British politicians responded with hostility to the emerging rave-party trend. Politicians spoke out against raves and began to fine anyone who held illegal parties. Police crackdowns on these often-illegal parties drove the scene into the countryside. The word "rave" somehow caught on in the UK to describe common semi-spontaneous weekend parties occurring at various locations linked by the brand new M25 London Orbital motorway that ringed London and the Home Counties. (It was this that gave the band Orbital their name.) These ranged from former warehouses and industrial sites, in London, to fields and country clubs in the countryside.
Electronic Music in general and also the "rave scene" was jump started in Detroit, Michigan and thus is where the underground rave scene first originated. Numerous well known DJ's like Rich Hawtin and DJ Godfather all got their start in the underground scene in Detroit. Today he rave scene is still kept alive in Detroit with the DEMF or Detroit Electronic Music Festival also known as the Movement. Here famous DJ's from all over the world come to play on one of the multiple stages during this 3-day event at Heart Plaza in Detroit. In 2008 and estimated 90,000 people showed up over the 3-day weekend. To some this is the biggest Electronic Music Festival in the world still alive today.
The early rave scene also flourished underground in North American cities such as Montreal, Chicago, San Francisco, and Los Angeles Detroit, Michigan and as word of the budding scene spread, raves quickly caught on in other major urban centers across the North American and European continents.
[edit] United Kingdom
From the Acid House scene of the late 1980s, the scene transformed from predominantly a London-based phenomenon to a UK-wide mainstream underground youth movement. By 1991, organizations such as Fantazia, Universe, Raindance, and Amnesia House were holding massive legal raves in fields and warehouses around the country. One Fantazia party, called One Step Beyond, was an open-air, all-night affair that attracted 30,000 people. Other notable events included Vision at Pophams airfield in August 1992, with 40,000 in attendance, and Universe's Tribal Gathering in 1993.

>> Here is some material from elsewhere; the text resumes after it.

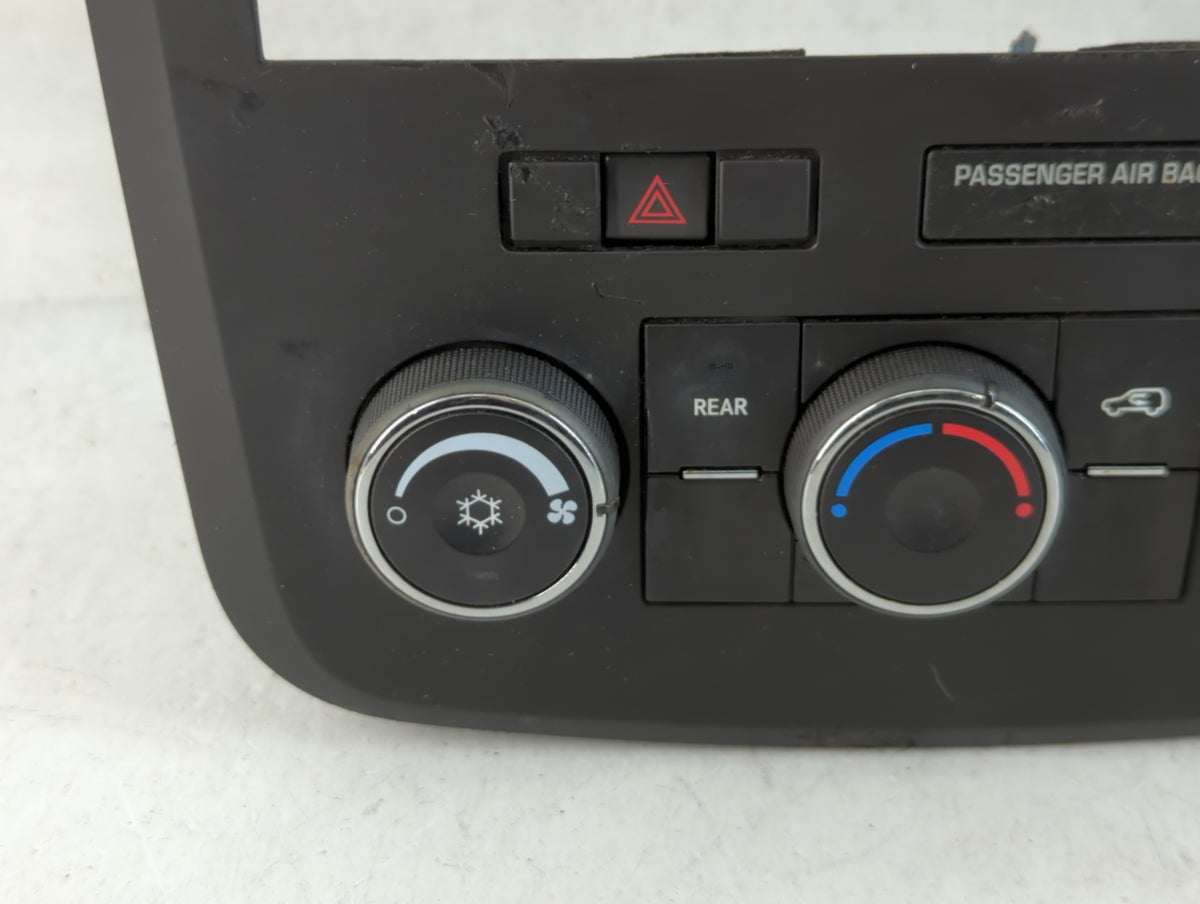 2007-2010 Saturn Outlook Climate Control Module Temperature AC/Heater Replacement P/N:25977430 Fits Fits 2007 2008 2009 2010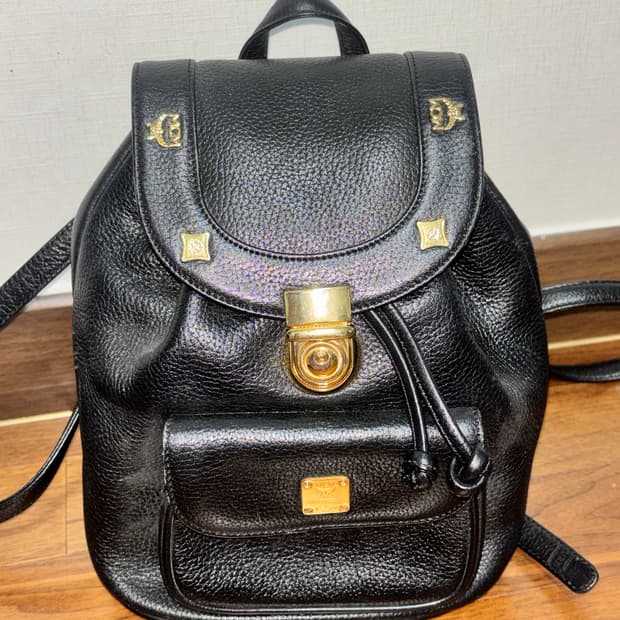 MCM 여성용 미니 복조리 백팩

In the early 1990s, the scene was slowly changing, with local councils passing bylaws and increasing fees in an effort to prevent or discourage rave organisations from acquiring necessary licenses. This meant that the days of legal one-off parties were numbered. By the mid-90s, the scene had fragmented into many different styles of dance music, making large parties more expensive to set up and more difficult to promote. The happy old skool style was replaced by the darker jungle and the faster happy hardcore. Although many ravers left the scene due to the split, promoters such as ESP Dreamscape and Helter Skelter still enjoyed widespread popularity and capacity attendances with multi-arena events catering to the various genres. Particularly notable events of this period included ESP's Dreamscape 20 on 9 September 1995 at Brafield aerodrome fields, Northants and Helter Skelter's Energy 97 event on 9 Aug 1997 at Turweston Aerodrome, Northants.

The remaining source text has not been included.